The entries are to be given again in full. Every word must match.

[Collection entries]
----------------------------------------

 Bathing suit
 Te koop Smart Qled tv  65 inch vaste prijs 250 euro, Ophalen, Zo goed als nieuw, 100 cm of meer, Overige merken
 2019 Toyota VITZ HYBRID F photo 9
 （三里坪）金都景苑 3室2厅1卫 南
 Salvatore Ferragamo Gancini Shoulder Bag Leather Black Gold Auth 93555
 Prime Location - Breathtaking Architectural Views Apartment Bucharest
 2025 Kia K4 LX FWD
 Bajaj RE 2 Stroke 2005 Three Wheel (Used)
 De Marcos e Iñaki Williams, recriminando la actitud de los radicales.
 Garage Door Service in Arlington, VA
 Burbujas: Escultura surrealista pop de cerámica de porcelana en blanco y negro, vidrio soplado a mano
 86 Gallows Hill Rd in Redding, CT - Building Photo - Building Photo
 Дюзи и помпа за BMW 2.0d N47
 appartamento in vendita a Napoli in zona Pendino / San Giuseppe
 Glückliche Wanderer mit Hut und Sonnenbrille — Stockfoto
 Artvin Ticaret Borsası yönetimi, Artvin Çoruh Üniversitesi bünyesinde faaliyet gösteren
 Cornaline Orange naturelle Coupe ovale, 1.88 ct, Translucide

----------------------------------------

## [EXERCISE RESPONSE]
 Bathing suit
 Te koop Smart Qled tv  65 inch vaste prijs 250 euro, Ophalen, Zo goed als nieuw, 100 cm of meer, Overige merken
 2019 Toyota VITZ HYBRID F photo 9
 （三里坪）金都景苑 3室2厅1卫 南
 Salvatore Ferragamo Gancini Shoulder Bag Leather Black Gold Auth 93555
 Prime Location - Breathtaking Architectural Views Apartment Bucharest
 2025 Kia K4 LX FWD
 Bajaj RE 2 Stroke 2005 Three Wheel (Used)
 De Marcos e Iñaki Williams, recriminando la actitud de los radicales.
 Garage Door Service in Arlington, VA
 Burbujas: Escultura surrealista pop de cerámica de porcelana en blanco y negro, vidrio soplado a mano
 86 Gallows Hill Rd in Redding, CT - Building Photo - Building Photo
 Дюзи и помпа за BMW 2.0d N47
 appartamento in vendita a Napoli in zona Pendino / San Giuseppe
 Glückliche Wanderer mit Hut und Sonnenbrille — Stockfoto
 Artvin Ticaret Borsası yönetimi, Artvin Çoruh Üniversitesi bünyesinde faaliyet gösteren
 Cornaline Orange naturelle Coupe ovale, 1.88 ct, Translucide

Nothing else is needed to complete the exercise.